How to Not Lose Muscle Playing Basketball

Basketball player with ball, portrait

Basketball requires a combination of strength, endurance and agility. Running up and down the court, making 3-point shots from afar and jumping for rebounds takes a lot of muscle. Maintaining the muscle you have worked hard to strengthen is a key factor in keeping fit throughout the basketball season. Adjusting your workouts and meal plans can help you to not lose muscle while playing basketball.

Use your own body weight and gravity to strengthen and tone muscles in your hips, thighs and buttocks. Put a fitness ball, also called a stability ball, against a wall and lean against the ball with your back. Your tailbone and small of your back should be in contact with the ball. Stand with your feet shoulder-width apart. Your feet should be at least 6 inches in front of your midsection. Bend your knees at a 90-degree angle, and place your palms on your thighs. Hold the squat position for several seconds before standing upright again.

Maintain muscle in your upper body through weight training. You can do bench presses at the gym, but if you do not have access, work out at home. Hold a hand weight in each hand with your arms at your sides and your closed palms facing your body. The amount of weight will depend on your fitness level. Bend your elbows at a 90-degree angle so the weights are at waist level. Continue to lift the weights up toward your shoulders. Slowly straighten your arms to return to the original position.

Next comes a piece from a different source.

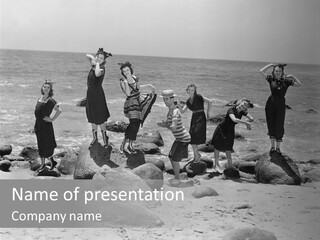 A Group Of Women Standing On Top Of A Beach PowerPoint Template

Rest in between weight-training sessions. Better Basketball Coaching recommends doing circuit training in the weight room two or three days weekly with two rest days in between to maintain muscle strength without overdoing it.

Eat properly after a basketball game to give your muscles appropriate recovery and rebuilding time. According to the International Society of Sports Nutrition, you need two to four times as much protein as carbohydrates after a game. Eat lean proteins such as fish, chicken or whey protein supplements. Choose complex carbs such as brown rice, whole grain pasta or potatoes. Refrain from greasy carbs such as French fries or fat-laden baked goods that can upset your stomach and lead to delayed digestion. Sports drinks can also replenish carbs and electrolytes without slowing digestion time.

Consume several nutritious small meals throughout the day during the basketball season to build muscle. Instead of three large meals, aim for five or six smaller meals that do not use as much energy to digest.

Hydrate well after each basketball game and practice to keep your entire body healthy, including your muscles. Weigh yourself before and after you play. Drink 24 ounces of water or sports drinks for each pound you have lost during your workout.


Warm up before basketball practice or strength-training sessions to prevent injuries that keep you on the bench. Jumping jacks, jumping rope, jogging or riding a stationary bike will raise your core temperature and loosen tight muscles.